ACTIVITY
Your answer must be the lines from the one containing "Superdry Gonne: Superdry" through the last line below, copied exactly, with no pictures.

THE INPUT
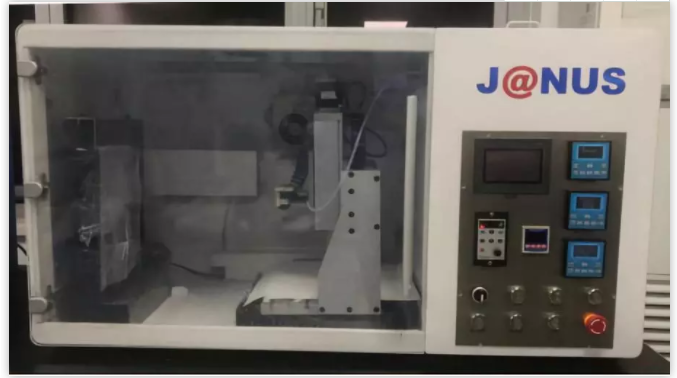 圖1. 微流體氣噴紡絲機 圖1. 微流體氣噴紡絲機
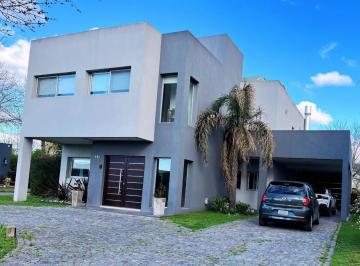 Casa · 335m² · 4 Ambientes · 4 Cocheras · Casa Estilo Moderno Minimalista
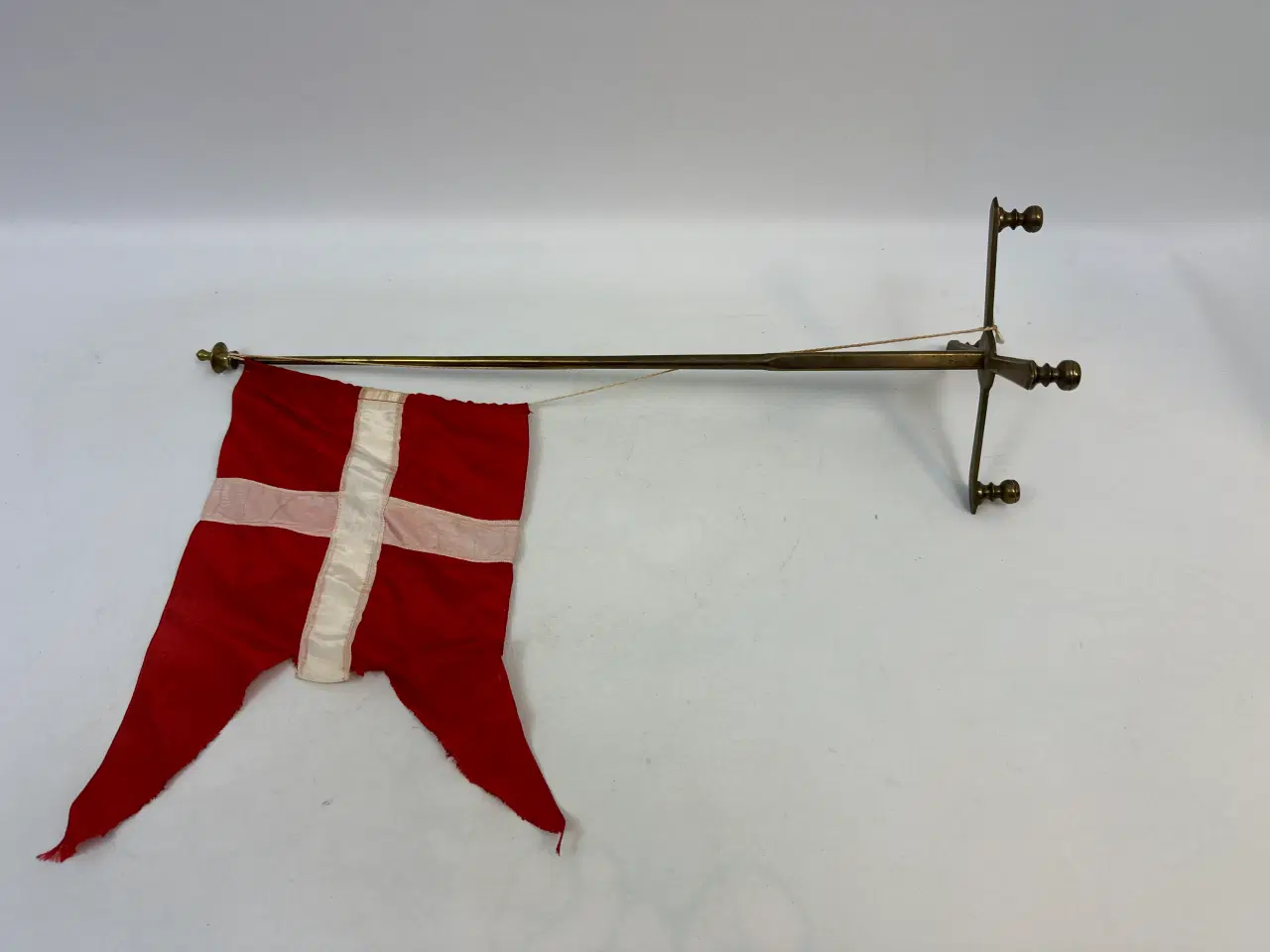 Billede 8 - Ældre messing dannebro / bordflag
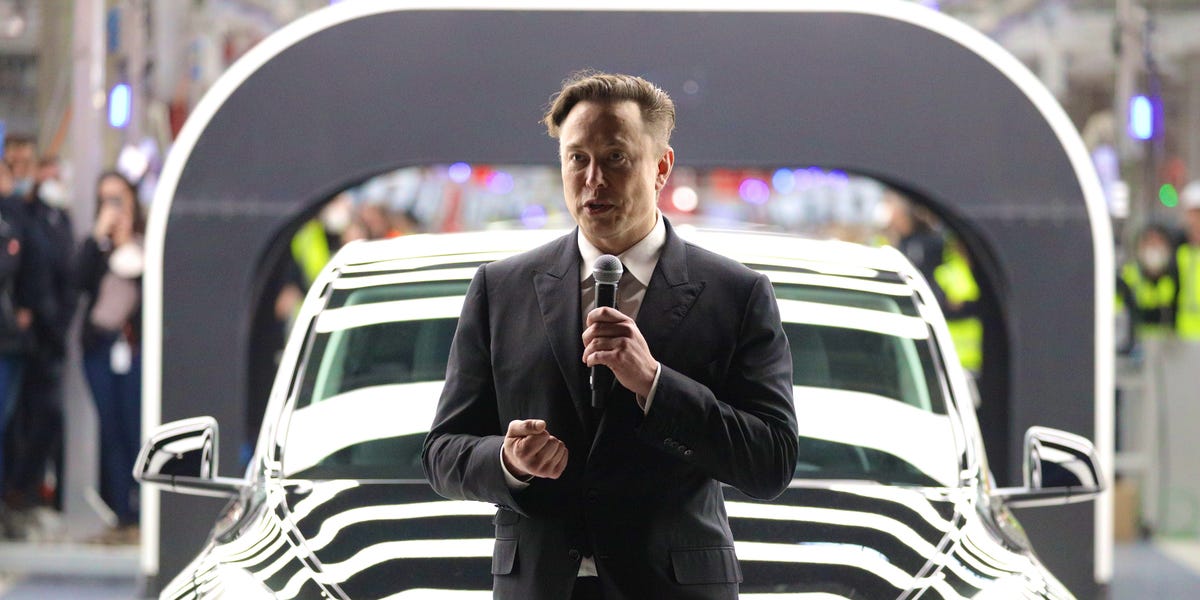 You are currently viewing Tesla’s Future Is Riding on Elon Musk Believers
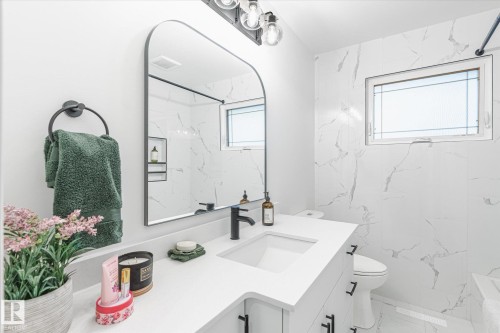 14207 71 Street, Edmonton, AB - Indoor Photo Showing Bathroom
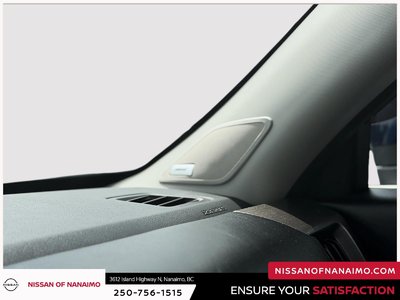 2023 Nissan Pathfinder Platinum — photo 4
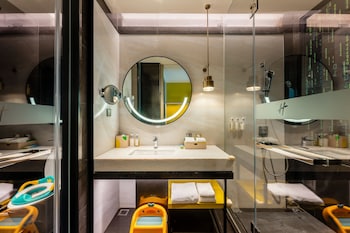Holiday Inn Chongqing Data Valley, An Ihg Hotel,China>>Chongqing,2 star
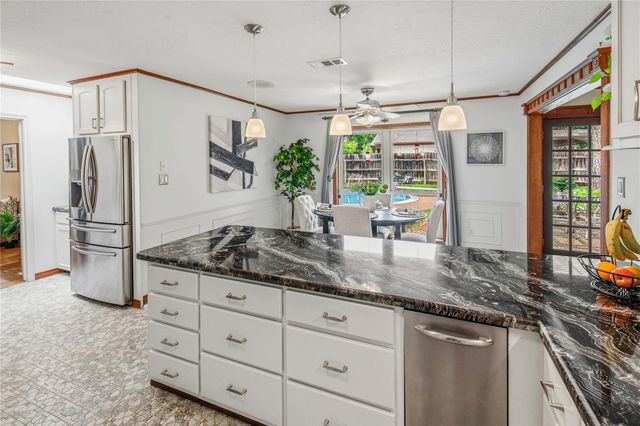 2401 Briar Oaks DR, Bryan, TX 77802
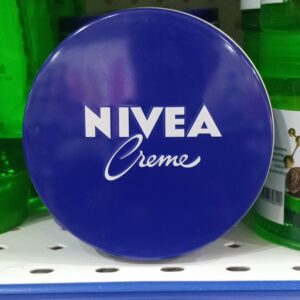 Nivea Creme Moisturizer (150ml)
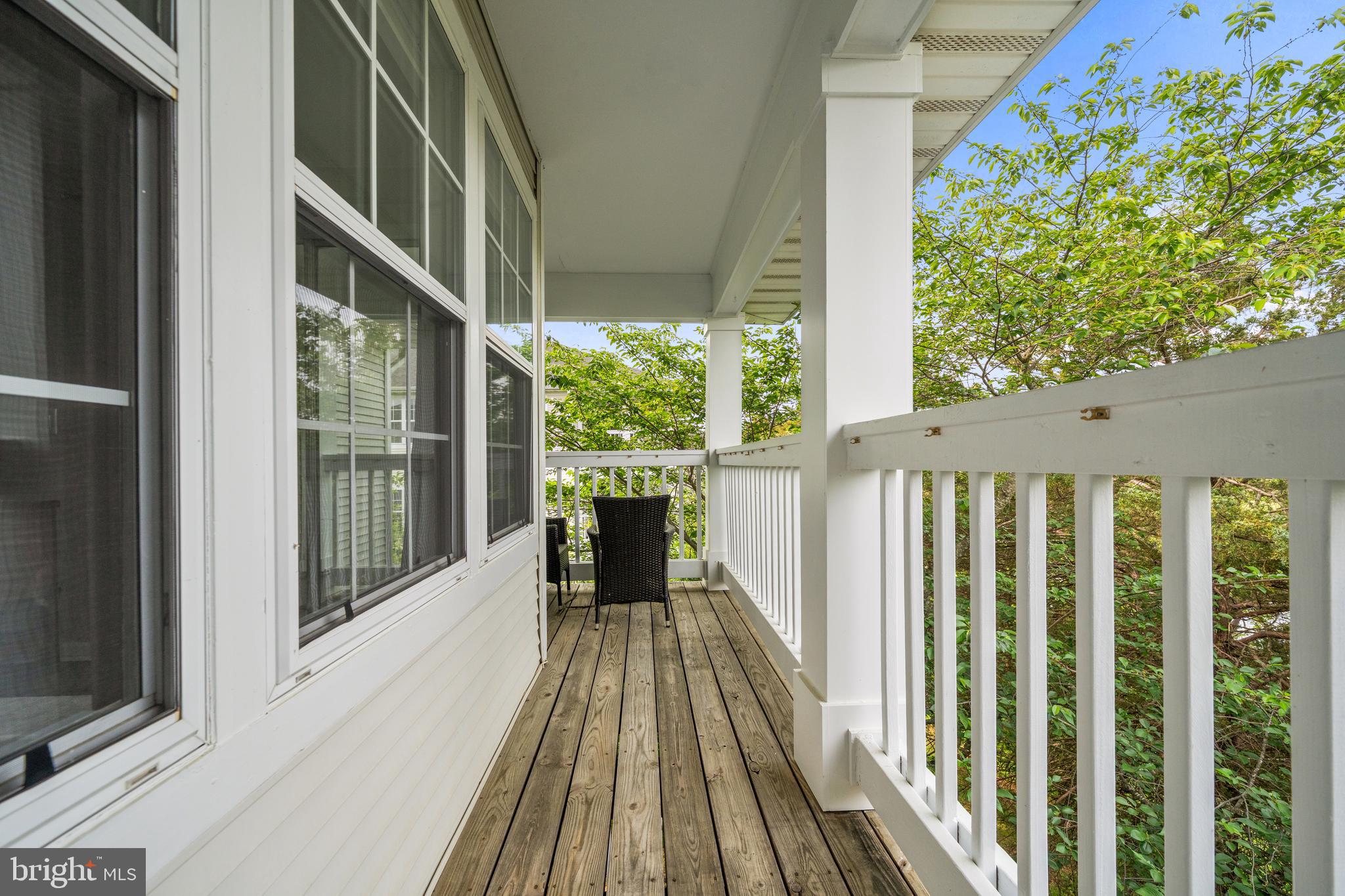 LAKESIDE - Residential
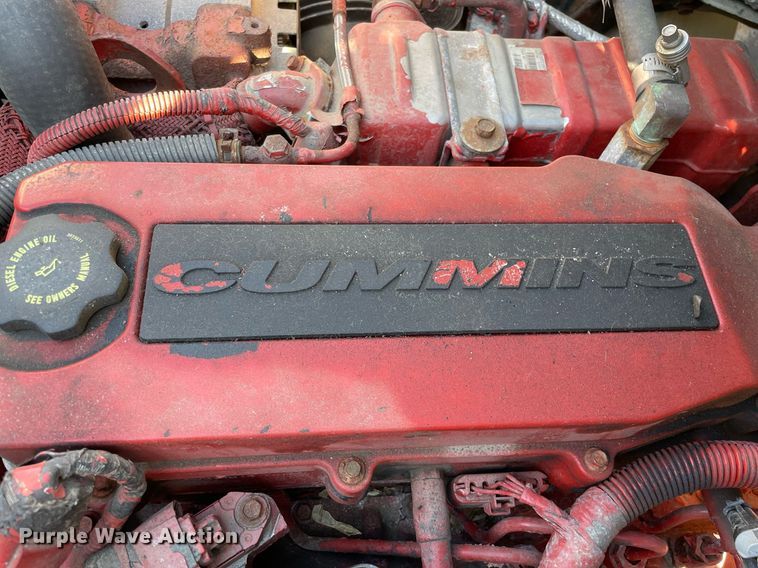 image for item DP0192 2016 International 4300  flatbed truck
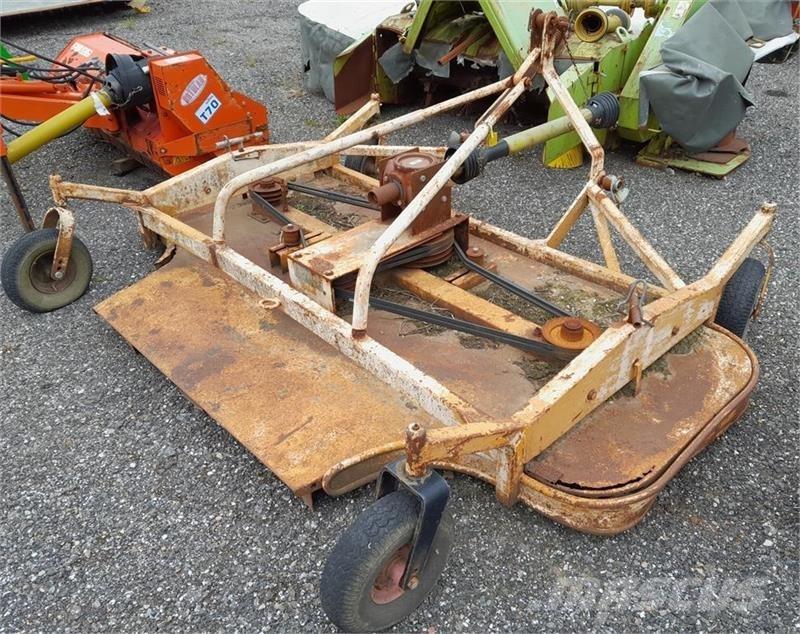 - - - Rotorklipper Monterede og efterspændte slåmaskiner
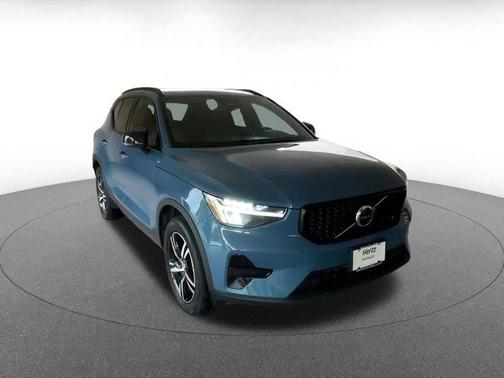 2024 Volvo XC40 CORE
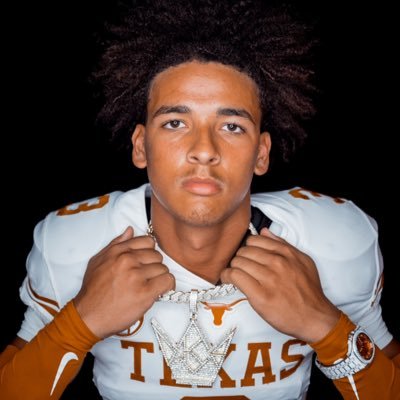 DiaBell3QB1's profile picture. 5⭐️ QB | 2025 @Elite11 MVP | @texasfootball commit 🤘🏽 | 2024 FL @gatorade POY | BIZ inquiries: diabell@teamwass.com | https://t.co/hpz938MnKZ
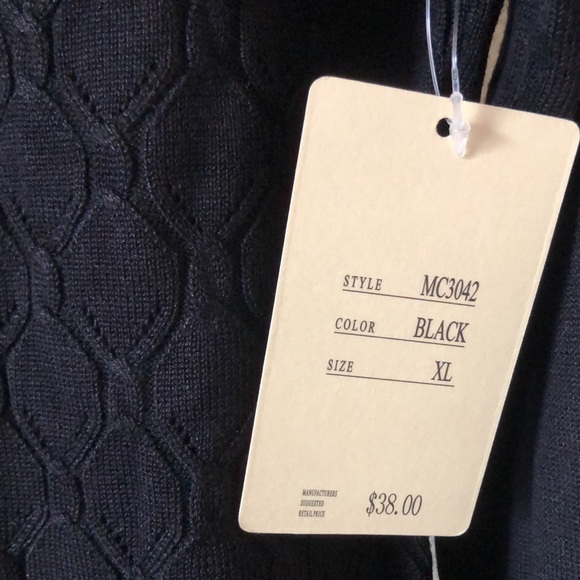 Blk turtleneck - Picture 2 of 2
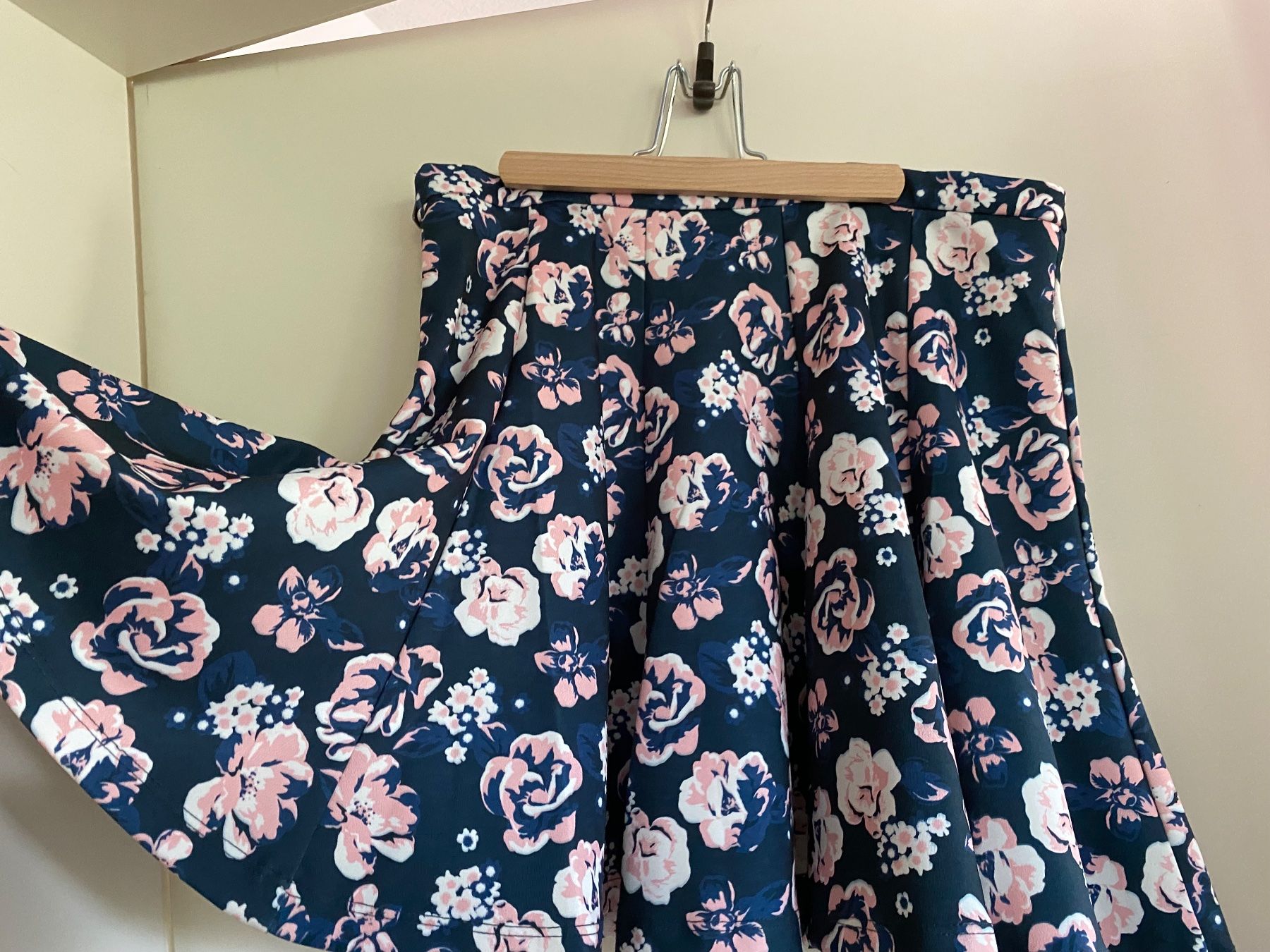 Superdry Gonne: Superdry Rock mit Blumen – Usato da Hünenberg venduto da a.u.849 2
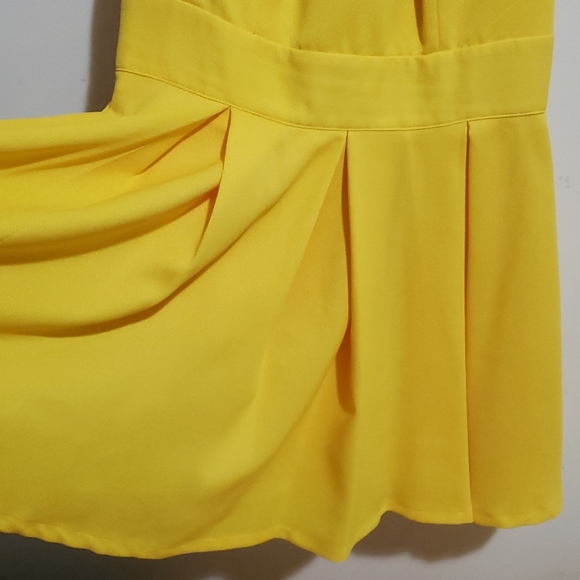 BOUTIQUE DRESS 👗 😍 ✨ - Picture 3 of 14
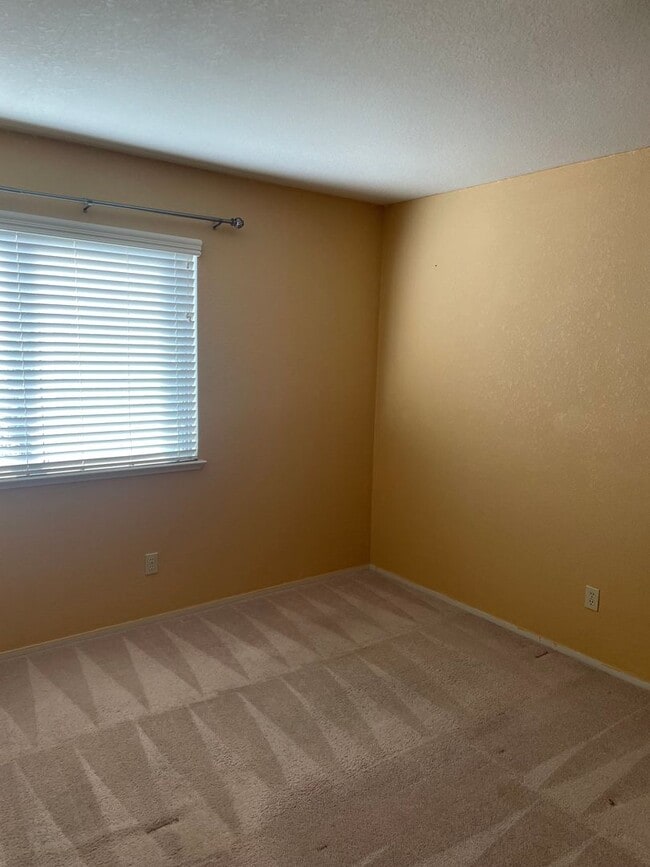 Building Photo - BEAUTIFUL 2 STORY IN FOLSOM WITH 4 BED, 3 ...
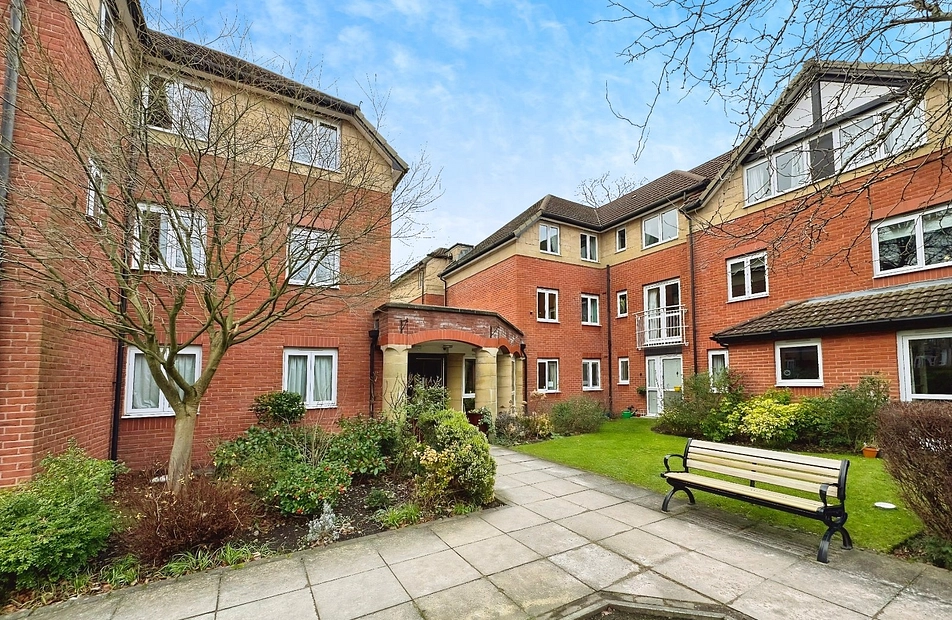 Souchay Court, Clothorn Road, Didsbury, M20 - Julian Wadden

OUTPUT OF THE EXERCISE
 Superdry Gonne: Superdry Rock mit Blumen – Usato da Hünenberg venduto da a.u.849 2
 BOUTIQUE DRESS 👗 😍 ✨ - Picture 3 of 14
 Building Photo - BEAUTIFUL 2 STORY IN FOLSOM WITH 4 BED, 3 ...
 Souchay Court, Clothorn Road, Didsbury, M20 - Julian Wadden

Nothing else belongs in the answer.